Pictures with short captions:
# # # # #
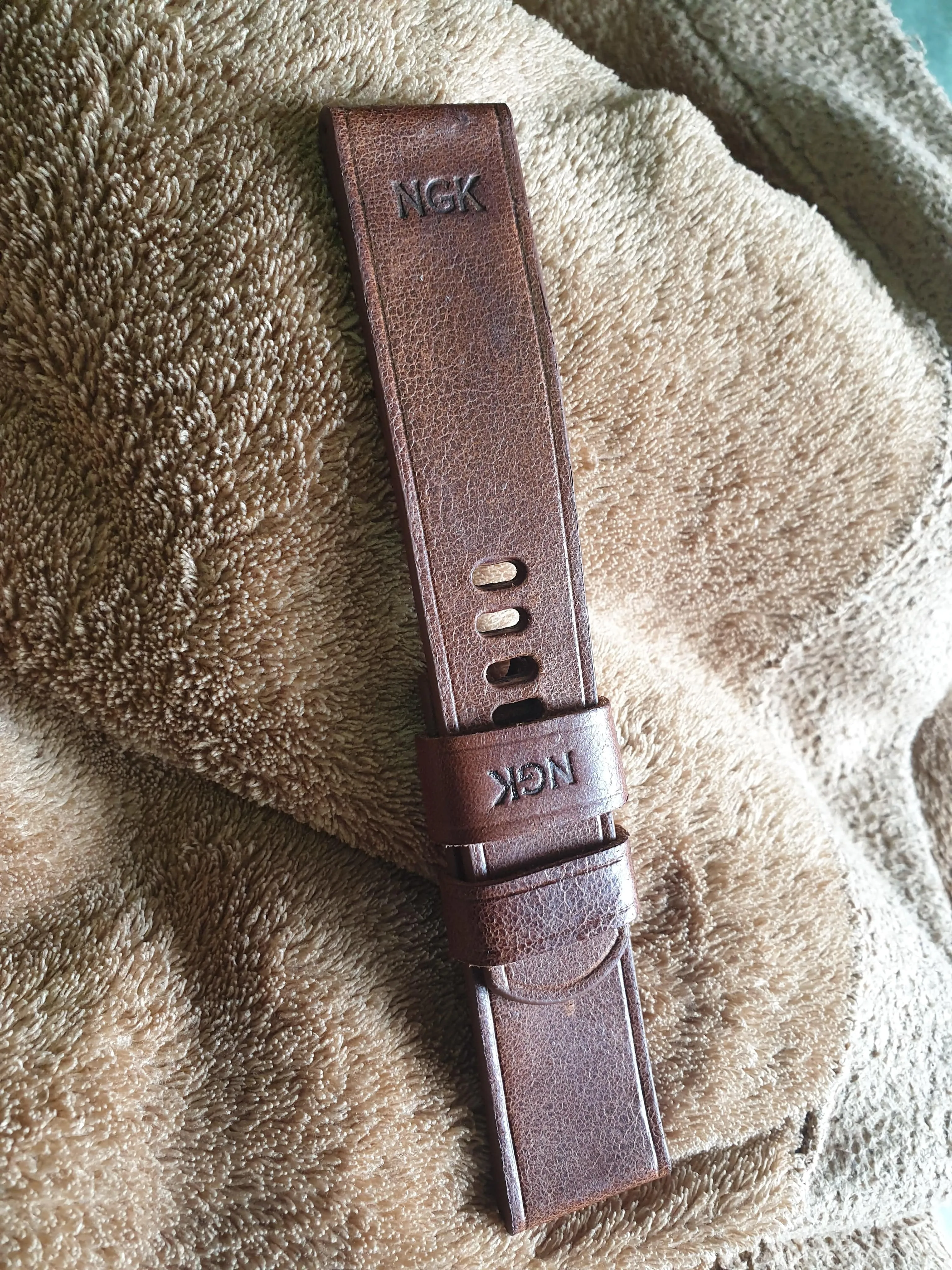Handmade diesel watch leather strap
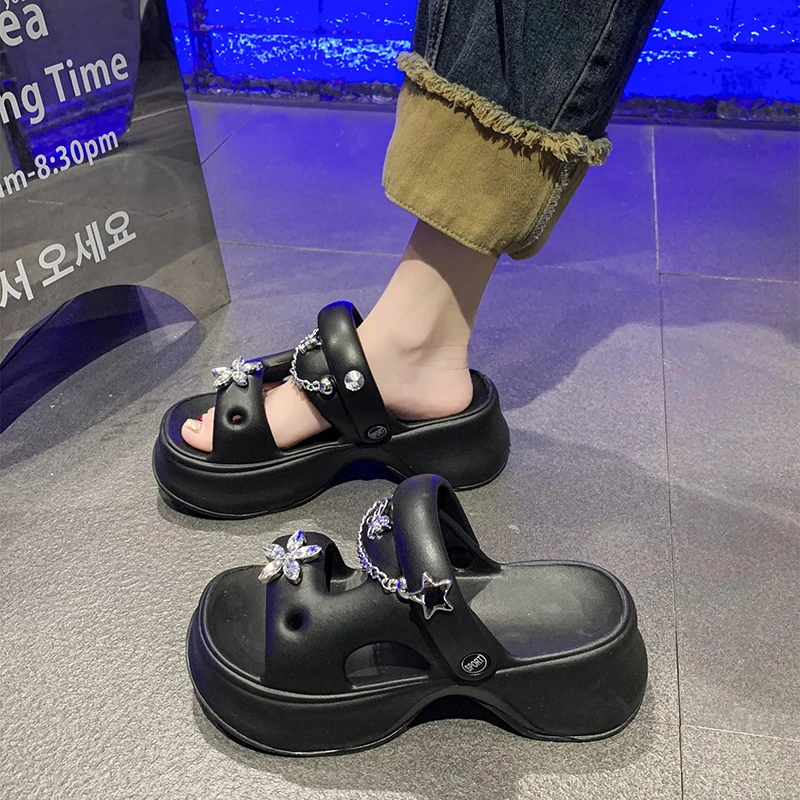 网红凉拖鞋夏季女外穿时尚2024年新款海边沙滩鞋厚底增高拖鞋女士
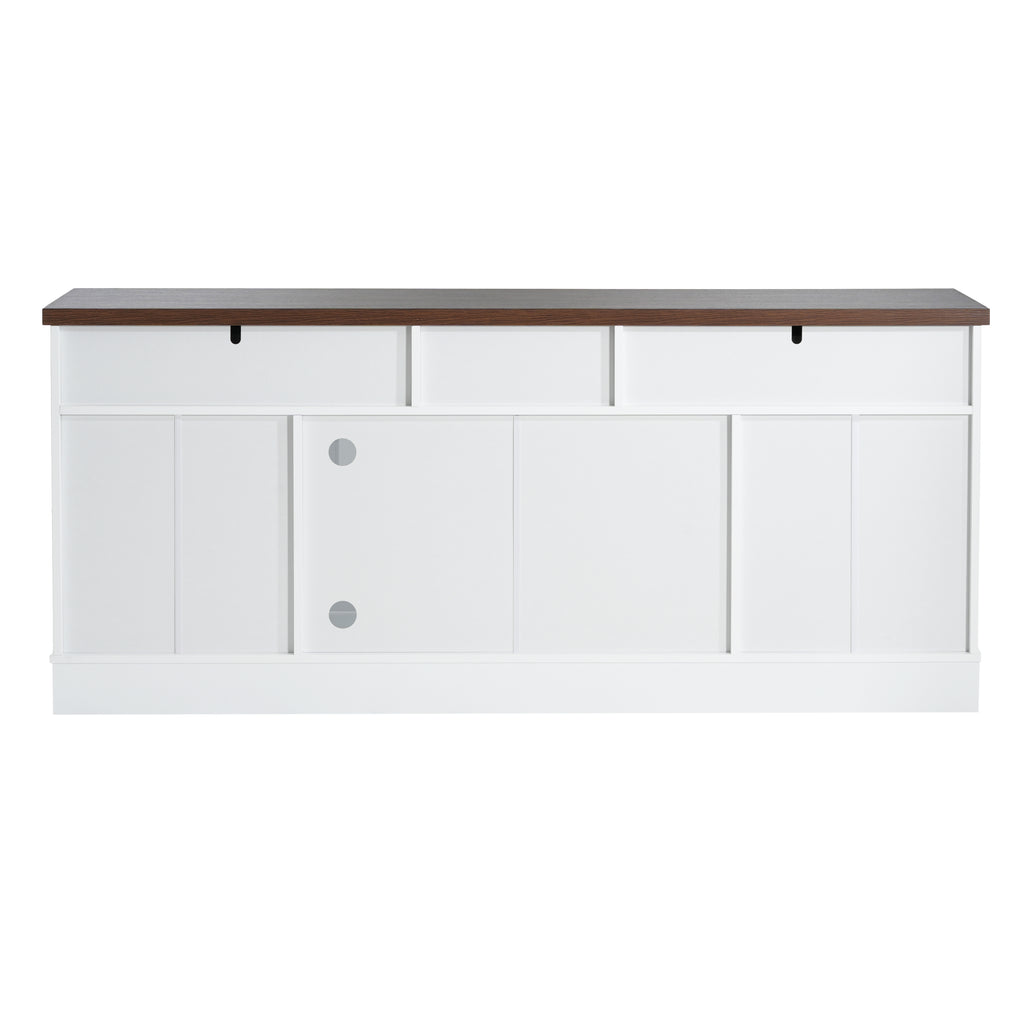 Modern White TV Console, 67' Width TV Stand, Glass Doors & Storage Drawers, Adjustable Shelves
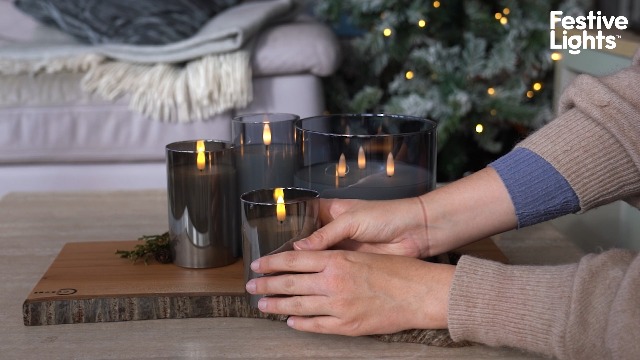 Festive Lights LED Kerzen 3er Pack - Echtwachs Mit Flammeneffekt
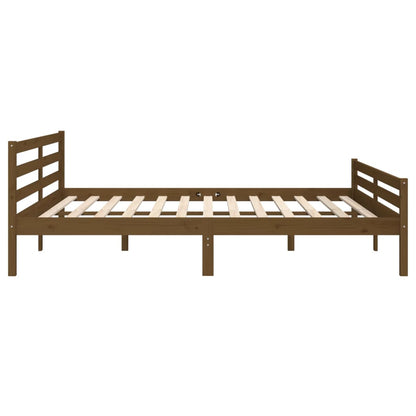 Solid wood bed honey brown 200x200 cm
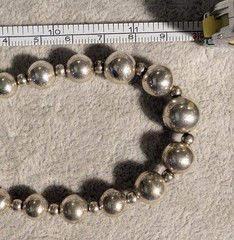 Vintage Sterling 925 Graduated Bead Ball Necklace! 24 in Long! 29.9 grams!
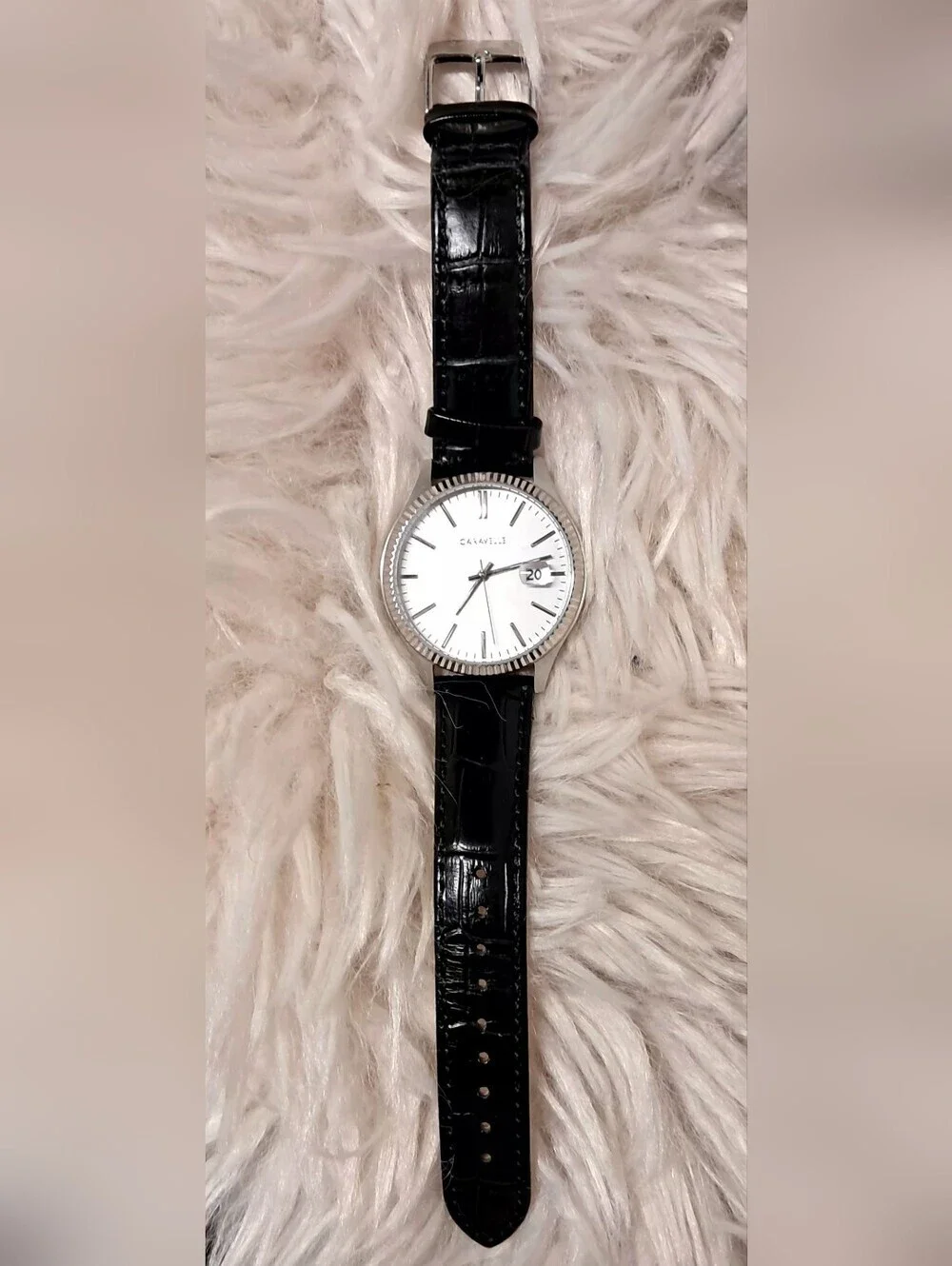 Caravelle By Bulova Silver Dial Watch with Black Leather Strap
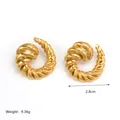 Detail of 18K gold plated stainless steel twisted earrings with 2.8cm width specs - Spiral Twisted Style (JC-250424-2-4)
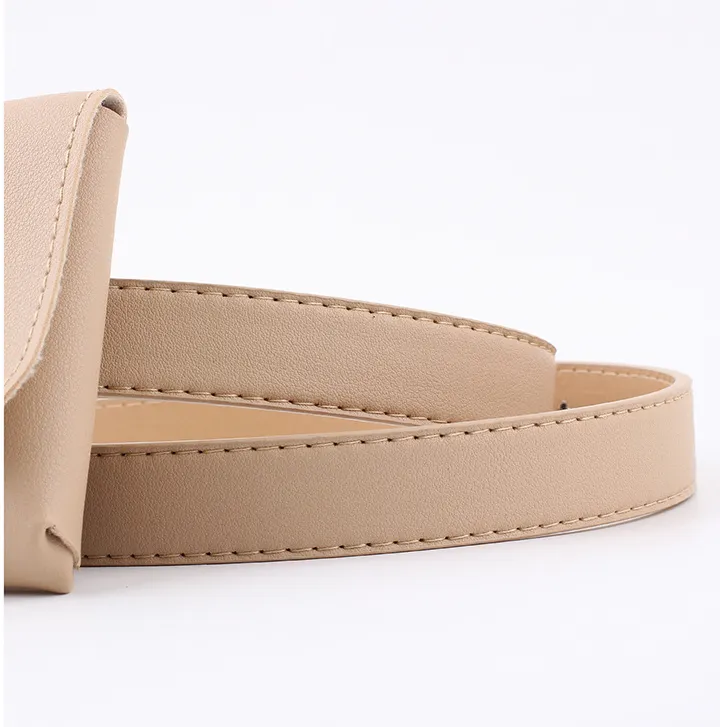 Sliver Metal Buckle Fashion Women PU Waist Belt with Small Pocket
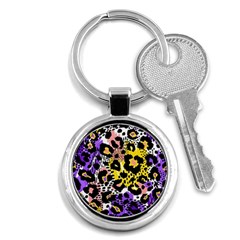 Black Leopard Print With Yellow, Gold, Purple And Pink Key Chain (round) by AnkouArts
# # # # #
■ What the task asks: Set down word for word the lines from the first entry through the line with "Detail of 18K", both included, omitting pictures.

■ Response to the exercise:
Handmade diesel watch leather strap
 网红凉拖鞋夏季女外穿时尚2024年新款海边沙滩鞋厚底增高拖鞋女士
 Modern White TV Console, 67' Width TV Stand, Glass Doors & Storage Drawers, Adjustable Shelves
 Festive Lights LED Kerzen 3er Pack - Echtwachs Mit Flammeneffekt
 Solid wood bed honey brown 200x200 cm
 Vintage Sterling 925 Graduated Bead Ball Necklace! 24 in Long! 29.9 grams!
 Caravelle By Bulova Silver Dial Watch with Black Leather Strap
 Detail of 18K gold plated stainless steel twisted earrings with 2.8cm width specs - Spiral Twisted Style (JC-250424-2-4)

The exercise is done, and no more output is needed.